There is no required action for most maintenance messages. Alas, some maintenance categories (Category:CS1 maint: archived copy as title (53,327),‎ Category:CS1 maint: uses authors parameter‎ (0), Category:CS1 maint: multiple names: authors list (73,510)) should emit error messages but those categories apply to so many articles that making them error messages would cause a torches-and-pitchforks uprising; we've seen that kind of uprising before and it isn't pretty.
Trappist the monk (talk) 23:09, 3 August 2022 (UTC)

url-status = deviated

What is the recommended action when a cite with |url-status=deviated is converted to a dead link.
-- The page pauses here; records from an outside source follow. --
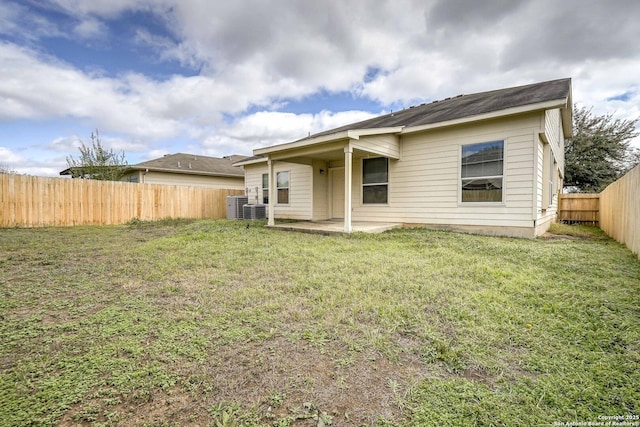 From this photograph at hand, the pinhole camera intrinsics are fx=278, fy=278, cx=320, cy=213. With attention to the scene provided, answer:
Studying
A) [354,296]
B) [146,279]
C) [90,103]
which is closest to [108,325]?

Normally it is flipped to |url-status=dead. -- GreenC 18:08, 3 August 2022 (UTC)

If a deviated url becomes dead (returns 404) then |url-status=deviated should be removed. No need to replace it with |url-status=dead because cs1|2 assumes that the url in |url= is dead when |archive-url= has an assigned url.
Trappist the monk (talk) 18:32, 3 August 2022 (UTC)

pmid limit

"If the value is correct and larger than the currently configured limit of 35900000, please report this at Help talk:Citation Style 1, so that the limit can be updated."